The other issue in this is what our perceptions are of "what God wants" in our lives. I've spoken about this before here, and it raised a red flag in my head when you first mentioned this, but I wasn't about to second-guess what God was telling you. I still don't want to do that, but here's something to think about. My feeling is that many Christians are overzealous about the specificity of what it means for God to have a plan for our lives. We tend to think of God's "plan" for our lives in the way we tend to look on what a life plan would entail -- career, relationships, kids, ANY large undertaking, really -- but is this really how God sees our life plans? I think the Bible is pretty forthcoming about what God's plan for our lives is. Jesus's teachings were scarcely about anything else. Paul's epistles to the churches were about it. We're to love God, love our neighbor, strive to lead holy lives, study the Word, witness to others, and so on.
Beyond that? I believe that sometimes certain of us are called to be preachers, others teachers, others this or that -- this is directly biblical as well -- but I believe in these cases, at least the majority of the time, God has given these people the talents and desires it takes to see these paths through. In other words, if God calls someone to be a teacher in a Christian school, as an example, then assuming this person is right with God in the first place, becoming a teacher will be a rather natural consequence.
But I don't believe these situations to be very common, relatively speaking, and even so, "becoming a teacher" (or whatever) is still a very general thing. I don't believe God, at least very usually, makes such designations as "you go live in this place" and "you marry this person" and "you sign up for Viz-a-Viz for this position." It may happen now and again -- I honestly don't know -- but I think in such cases, there will not be any confusion about it, for someone generally right with God. The simple fact is, God can use you wherever you are, in whatever phase of life you're in, in whatever career you're in. If it's not you doing God's work in one particular area, God will use someone else, and there will be different things he'll want from you. To quote RU4, it's all good.
What you have to determine at this point is to take a step back and decide if you really think God really wants you to do this specific thing, or if you simply saw an opportunity to implement something more general and attributed that to God.

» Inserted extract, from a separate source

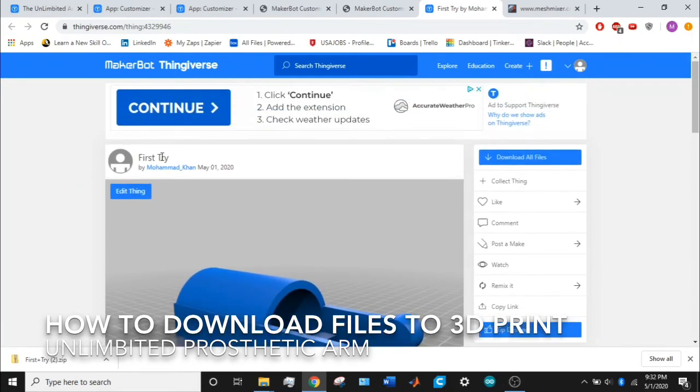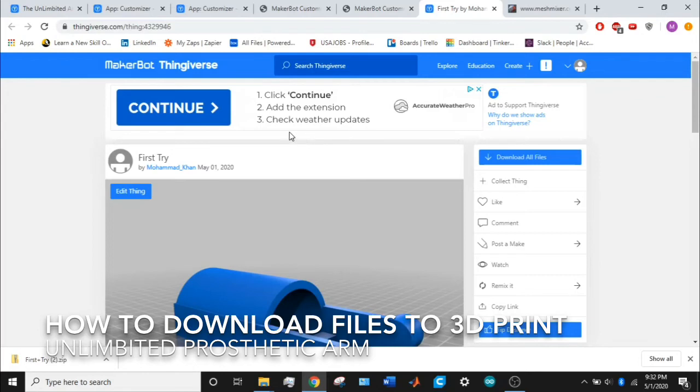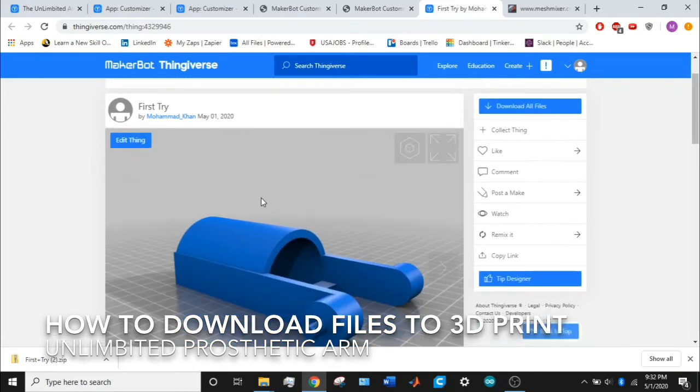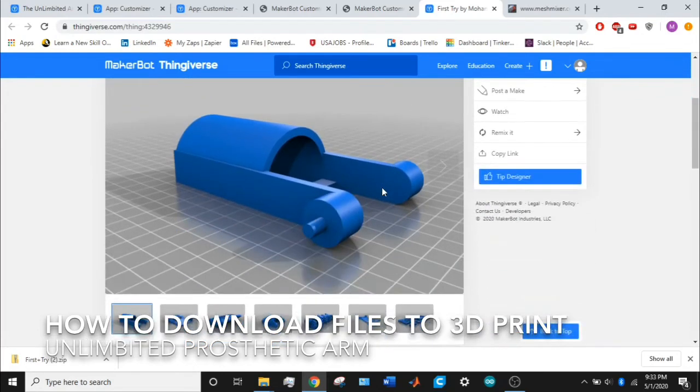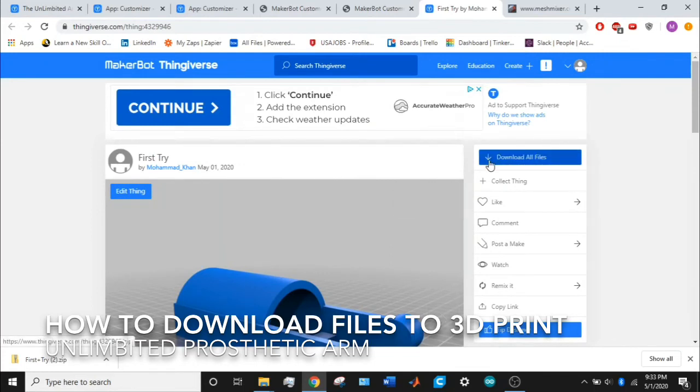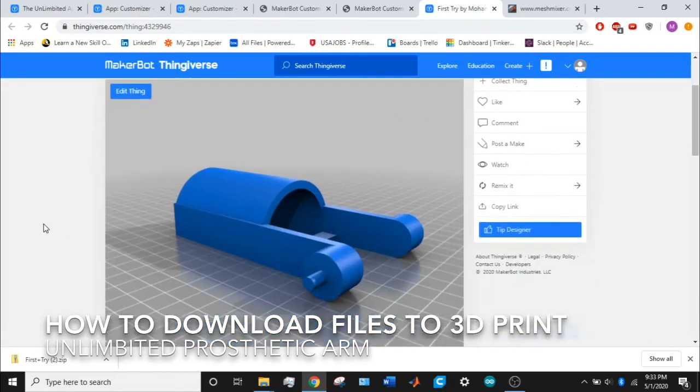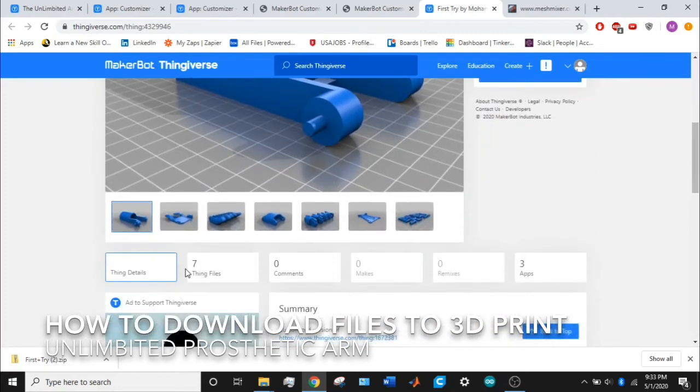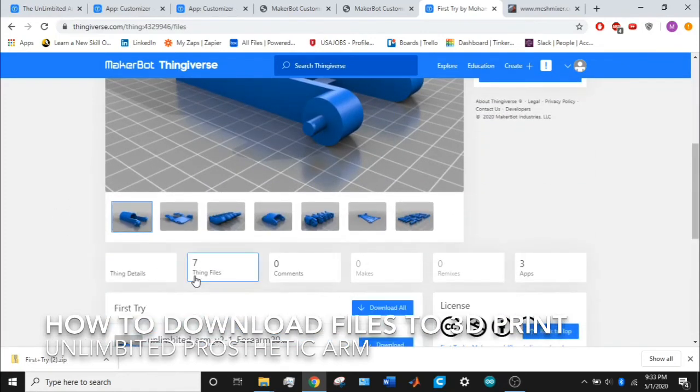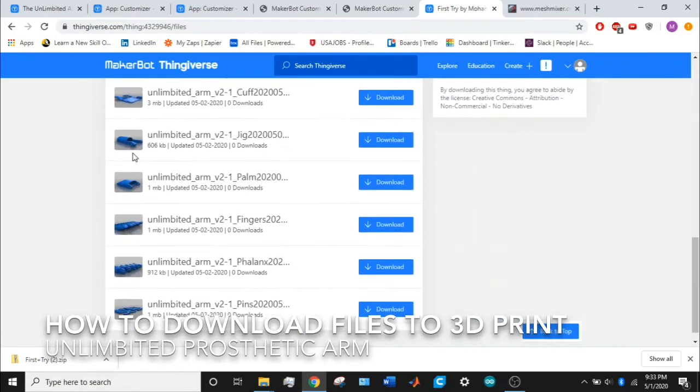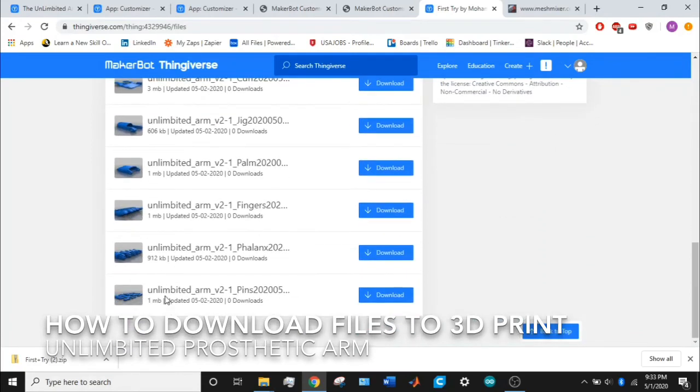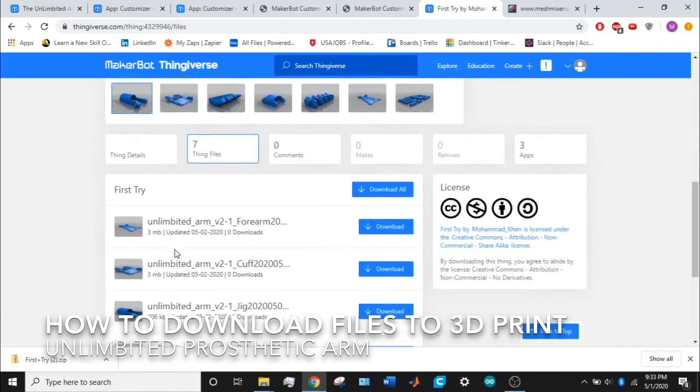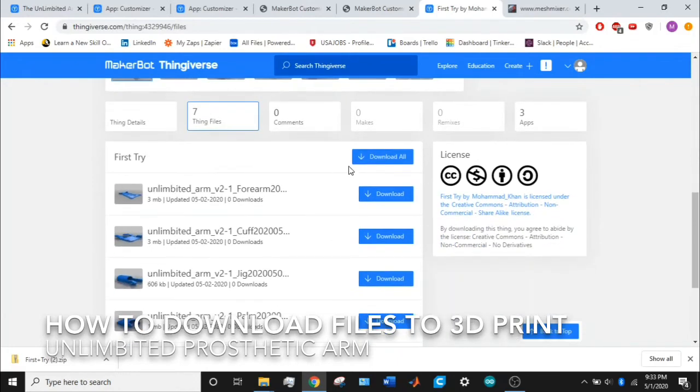It will show your username and the date you created it, available to the public if you checked the box. Now there's a button here, download all files. If you want to see what files you're downloading, scroll to the bottom again to thing files. You can see these are all the parts necessary to build this prosthetic arm. Just click on download all.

Maybe you are called to do this general kind of work but not necessarily with this specific opportunity. Or maybe what God wants from you is even more general than that. All I can really say is that if you're seeking out a goal you think is God's plan for you, and you can't reach that goal, for whatever reason, you have to be mistaken about what God really wants from you. Maybe you're mistaken about the whole thing, or maybe just one of the finer details, but *something* is missing from the puzzle.
Generally speaking -- and I mean generally -- I think that within God's plan there is ample room for our own desires. Continuing the example of teaching from before, if you want to be a teacher, that will undoubtedly fit into God's plan. If you want to be a software engineer, that can work, too. If you want to wear red clothes on Thursdays for fun, it's probably just dandy, and if you want to stay single or get married and have seven kids, all the best to you either way. Clearly we are called to do things we, being in the flesh, are fearful or reluctant to do, but I think it's generally clear what these things are just by reading the Bible. Pray continually. Witness to others. Read your Bible. And so on.
Pray about it. Think it over. See what conclusions you come to. Regardless of what happens, there is no need to be sad for diligently pursuing the doing of God's work, and no need to be confused when what God wants with us is writing right down in black and white (and words of Christ in red) for us to refer to as needed.